Unfortunately it's not that simple, and by framing budget problems as an “Us versus Them” argument, public employee opponents actually hurt our economy by failing to convey the benefits of paying public workers.
Let's dispel the portrayal that public employees are milking extravagant wages and benefits out of the taxpayer.
Jobs in the public sector typically require more education than private-sector positions. State and local employees are twice as likely to hold a college degree or higher as compared to private sector employees. Only
23 percent of private-sector employees have completed college, as compared to about 48 percent in the public sector.

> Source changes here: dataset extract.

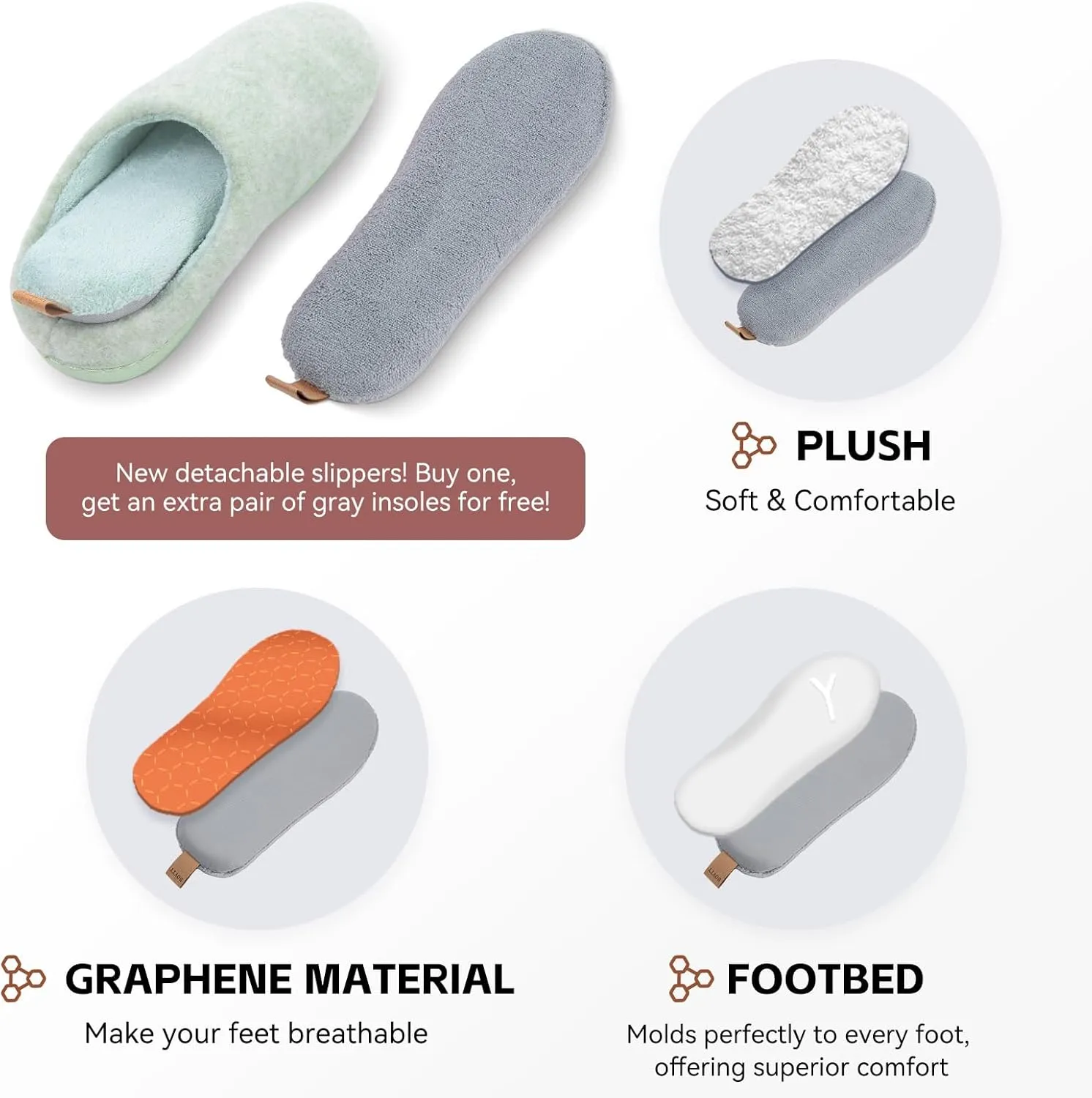 Women & Men's Hige Resilience Foam Slippers - Indoor Cozy House Slip-on with Two Pairs of Replaceable Insoles Shoes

Wages and salaries of state and local employees are lower than those for private-sector employees with comparable earnings determinants, such as education and work experience. State workers typically earn 11 percent less and local workers
12 percent less. During the last 15 years, the pay gap has grown.
Benefits make up a slightly larger share of compensation for the state and local sector. But even after accounting for the value of retirement, health care and other benefits, state and local employees earn less than private-sector counterparts. On average, total compensation is
6.8 percent lower for state employees and 7.4 percent lower for local employees than for comparable private sector employees.
“In an apples-to-apples comparison, state and local government employees receive less compensation than their private-sector counterparts,” said Keith Bender, report co-author and associate professor of economics at the University of Wisconsin-Milwaukee. “These public-sector employees earn less than they would earn if they took their skills to the private sector.”
So we're often getting higher qualified, more experienced employees for less than what the private sector pays. This is important since most services provided by public employees are considered necessary. If you weren't paying a public employee to do the job, you would have to pay someone else.
And if private firms end up paying more in wages and also must eke out a profit, it's hard to see how privatization would be a less costly alternative.
We must look deeper and resist easy-sounding answers to make sure that we don't hurt Iowans more than we help them.